- 19 Nov 2024
- 1 Minute to read
- Print
- DarkLight
- PDF
Language Identification
- Updated on 19 Nov 2024
- 1 Minute to read
- Print
- DarkLight
- PDF
Level of Language Detection
During Reveal processing language detection is performed separately on each segment of the document. If there are multiple languages present in one segment, our language detector will detect each of the languages separately. Therefore, any one segment may have multiple languages assigned to it.
Language detection is done on the segment body content only. It will not detect languages from the following sections:
Greeting
Signature
Disclaimer
Computer-generated content
Special Cases
There can be scenarios where the language detector does not produce confident language assignments. Defined below are the different special labels that will be assigned to a segment when language detection is not possible. In these cases, the entire segment is assigned a special language label.
Unknown_EmptySegment
Segment content is empty.
Unknown_TooShort
Language detector does an internal clean-up to remove digits, special characters, URLs, email addresses, etc.
After the cleanup, the remaining text is too short for accurate detection.
For CJK text, the threshold for too short is 20 characters.
For all other languages, the threshold is 50 characters.
Unknown_FailedLetterModel
Language detector does an internal clean-up to remove digits, special characters, URLs, email addresses, etc.
The language detector detects a language, but the secondary test fails.

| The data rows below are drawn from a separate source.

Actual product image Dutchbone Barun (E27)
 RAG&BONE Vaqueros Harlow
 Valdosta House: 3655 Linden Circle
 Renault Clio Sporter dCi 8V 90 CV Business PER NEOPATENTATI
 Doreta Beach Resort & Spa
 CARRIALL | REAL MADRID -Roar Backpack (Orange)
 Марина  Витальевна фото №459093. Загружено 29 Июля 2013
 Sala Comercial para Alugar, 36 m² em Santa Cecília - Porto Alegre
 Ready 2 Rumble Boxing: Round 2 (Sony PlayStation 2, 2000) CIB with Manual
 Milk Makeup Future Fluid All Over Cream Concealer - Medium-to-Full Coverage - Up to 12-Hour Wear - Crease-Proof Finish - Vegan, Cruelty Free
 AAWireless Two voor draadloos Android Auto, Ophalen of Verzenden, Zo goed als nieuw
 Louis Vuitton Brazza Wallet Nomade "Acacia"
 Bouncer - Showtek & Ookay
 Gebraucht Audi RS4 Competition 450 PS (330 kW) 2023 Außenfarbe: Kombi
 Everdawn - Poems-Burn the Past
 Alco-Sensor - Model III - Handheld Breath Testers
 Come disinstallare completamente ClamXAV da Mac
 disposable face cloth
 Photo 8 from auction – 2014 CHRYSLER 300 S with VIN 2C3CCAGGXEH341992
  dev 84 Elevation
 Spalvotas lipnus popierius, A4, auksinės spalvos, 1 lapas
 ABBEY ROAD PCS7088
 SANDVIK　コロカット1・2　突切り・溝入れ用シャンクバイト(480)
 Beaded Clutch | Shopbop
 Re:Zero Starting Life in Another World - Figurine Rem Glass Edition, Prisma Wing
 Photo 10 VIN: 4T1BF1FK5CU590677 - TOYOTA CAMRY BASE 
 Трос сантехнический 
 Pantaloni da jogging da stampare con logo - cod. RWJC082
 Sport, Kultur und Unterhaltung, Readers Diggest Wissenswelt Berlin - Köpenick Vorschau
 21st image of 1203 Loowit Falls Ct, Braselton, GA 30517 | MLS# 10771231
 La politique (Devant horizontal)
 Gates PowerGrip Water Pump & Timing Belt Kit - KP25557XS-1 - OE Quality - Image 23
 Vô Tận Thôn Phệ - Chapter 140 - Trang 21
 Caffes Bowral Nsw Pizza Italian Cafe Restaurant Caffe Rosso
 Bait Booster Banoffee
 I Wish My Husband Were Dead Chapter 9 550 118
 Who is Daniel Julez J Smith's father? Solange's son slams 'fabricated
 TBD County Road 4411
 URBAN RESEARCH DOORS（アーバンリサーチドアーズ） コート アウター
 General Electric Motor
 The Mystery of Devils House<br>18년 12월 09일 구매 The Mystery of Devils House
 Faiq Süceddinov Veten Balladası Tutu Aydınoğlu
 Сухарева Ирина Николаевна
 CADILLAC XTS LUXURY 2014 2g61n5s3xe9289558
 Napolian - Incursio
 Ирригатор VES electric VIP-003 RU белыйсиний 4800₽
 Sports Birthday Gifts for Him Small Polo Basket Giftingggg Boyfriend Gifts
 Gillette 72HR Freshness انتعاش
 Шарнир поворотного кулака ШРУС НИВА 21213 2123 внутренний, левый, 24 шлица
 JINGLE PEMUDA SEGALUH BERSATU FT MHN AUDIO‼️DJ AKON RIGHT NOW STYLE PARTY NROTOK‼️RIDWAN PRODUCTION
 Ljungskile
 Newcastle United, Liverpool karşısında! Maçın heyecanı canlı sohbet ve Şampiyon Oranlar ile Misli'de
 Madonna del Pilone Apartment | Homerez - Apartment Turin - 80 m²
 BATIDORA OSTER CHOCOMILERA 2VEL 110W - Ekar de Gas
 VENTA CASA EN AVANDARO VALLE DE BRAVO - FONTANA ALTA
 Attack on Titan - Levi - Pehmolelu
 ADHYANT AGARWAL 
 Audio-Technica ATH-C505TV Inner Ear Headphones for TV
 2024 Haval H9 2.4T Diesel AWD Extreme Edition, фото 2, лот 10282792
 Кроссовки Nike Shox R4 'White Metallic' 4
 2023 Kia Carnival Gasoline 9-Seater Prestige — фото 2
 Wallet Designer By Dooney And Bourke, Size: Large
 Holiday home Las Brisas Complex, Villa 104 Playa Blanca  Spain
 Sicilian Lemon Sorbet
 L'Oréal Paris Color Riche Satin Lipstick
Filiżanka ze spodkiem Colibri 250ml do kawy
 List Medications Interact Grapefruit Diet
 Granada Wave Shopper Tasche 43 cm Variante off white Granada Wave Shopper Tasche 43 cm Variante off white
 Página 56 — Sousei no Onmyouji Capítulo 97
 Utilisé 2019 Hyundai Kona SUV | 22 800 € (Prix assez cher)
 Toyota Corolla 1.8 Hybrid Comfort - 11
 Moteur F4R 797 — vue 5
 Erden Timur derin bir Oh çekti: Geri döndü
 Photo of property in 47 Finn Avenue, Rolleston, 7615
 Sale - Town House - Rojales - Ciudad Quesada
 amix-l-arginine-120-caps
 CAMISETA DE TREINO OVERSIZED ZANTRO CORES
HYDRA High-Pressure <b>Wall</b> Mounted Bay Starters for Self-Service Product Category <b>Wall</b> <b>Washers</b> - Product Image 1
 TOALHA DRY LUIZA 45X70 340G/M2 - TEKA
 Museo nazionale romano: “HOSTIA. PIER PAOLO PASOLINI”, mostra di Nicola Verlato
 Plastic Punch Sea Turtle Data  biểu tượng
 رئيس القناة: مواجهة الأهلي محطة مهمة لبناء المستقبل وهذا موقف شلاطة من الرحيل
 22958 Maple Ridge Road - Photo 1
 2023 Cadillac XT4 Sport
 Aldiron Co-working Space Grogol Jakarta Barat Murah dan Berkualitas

The secondary test checks if the character distribution in the segment is comparable to the character distribution in the suggested language.
For example, a segment can contain only the letter ‘a’. The language detector may suggest this is English but the secondary test will fail because it is very unlikely to see English text with only one letter.
Unknown_AssumedSpreadsheet
We do not attempt language detection on segments with a processing status of ‘CharacterBasedFilterException’ and assign the language as ‘Unknown_AssumedSpreadsheet’.
Unknown
In all other cases when language detection does not have high confidence assignment, we set the language as ‘Unknown’.